フェルスタッペン:もしかしてこれからも、勝つたびに同じ質問をするつもり?(笑)どうなんだろう。勝利はいつも、違うものさ。いつも違う感じがする。でも今回は、特別だ。とてつもなく荒れた展開を制しての勝利だったからね。ミスを犯すような贅沢は、とても許されなかった。
でも一度、360度スピンをやらかしてしまったけどね。ただあの時はミディアムタイヤを履いていて、ほとんどグリップがなかったんだ。今日のようなコンディションでは、ドライバーからのフィードバックとチームからの情報と、両方がとても重要になる。僕らはそれができたからこそ、正しい決断を下せて、勝利を勝ち取れたんだと思う。
――ドライバーたちが次々にクラッシュする中、(クリスチャン・)ホーナー代表によれば「あなただけは、こんな混沌としたコンディションでこそ冷静でいられる」と言っていました。雨のレースにおける強さの秘密は何でしょう?
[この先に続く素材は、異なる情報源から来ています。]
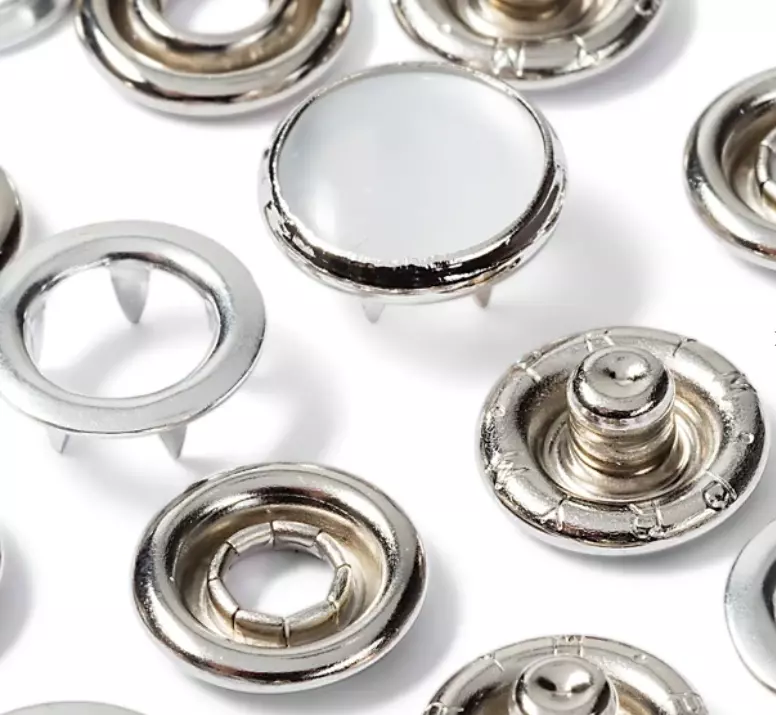 gallery-433-for-101143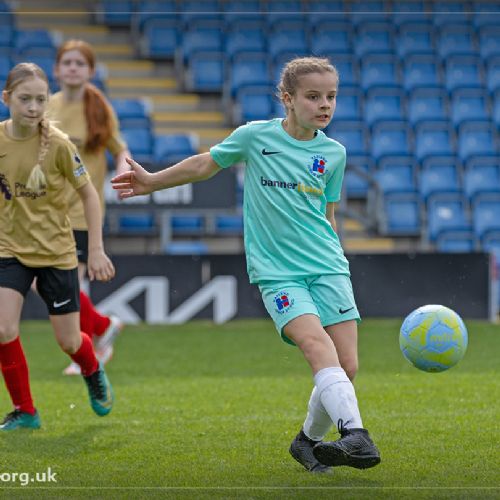 20240510SpireitesCup0086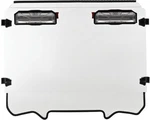 Seizmik Utv Versa-vent Windshield Compatible With Polaris Rzr Pro Xp.... Fixed Price $371.55.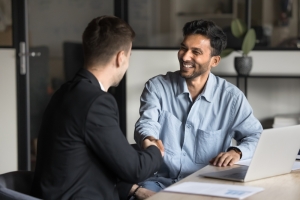 The Role of PRO Services in Business Growth and Market Expansion
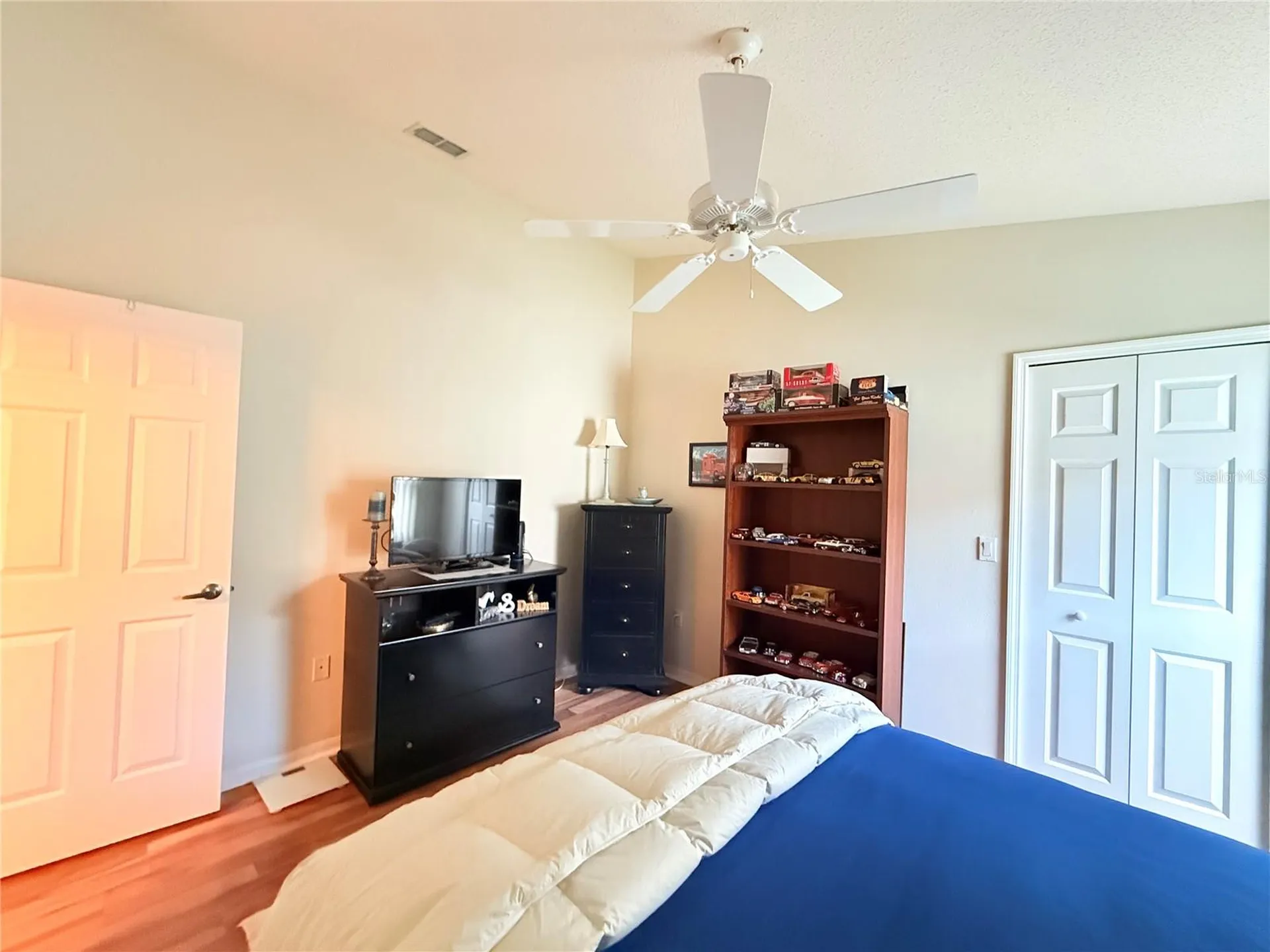 265 Center Oak Circle Spring Hill FL 34609
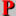 PornVortexx
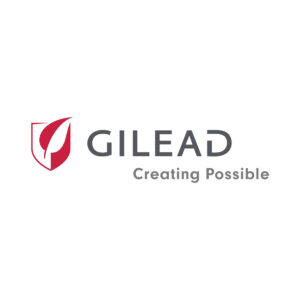 Gilead Giving Grant Program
フェルスタッペン:もっとずっと若い時から、ウエット練習を山ほどしてきたからね。父(ヨス・フェルスタッペン)も雨は得意だったそうだし、彼がウエット走行のコツを叩き込んでくれたんだ。
それ以外にもレース中の決断の下し方とか、ライバルたちが周りでどんな動きをしているか、何が起きているかをつねに注意するようにとか、ずっと言われ続けたよ。あとは、経験だね。90戦以上もF1を戦ってれば、色んな経験が積めるし、そこからより的確な決断を下せるようになるものだよ。
――今回はメルセデスが、意外な脆さを見せました。ここまでは彼らの独走が続いてましたが、これでタイトル争いの行方は見えなくなってきたのでは?
フェルスタッペン:そうかなあ。まだ、かなりのポイント差があるよね?
――首位のルイス・ハミルトンとは。62ポイント差です。
フェルスタッペン:それって、2勝分以上だよね。それにメルセデスが依然として、一番強いことには変わりはない。今回はああいう荒れた展開に、足をすくわれただけだと思う。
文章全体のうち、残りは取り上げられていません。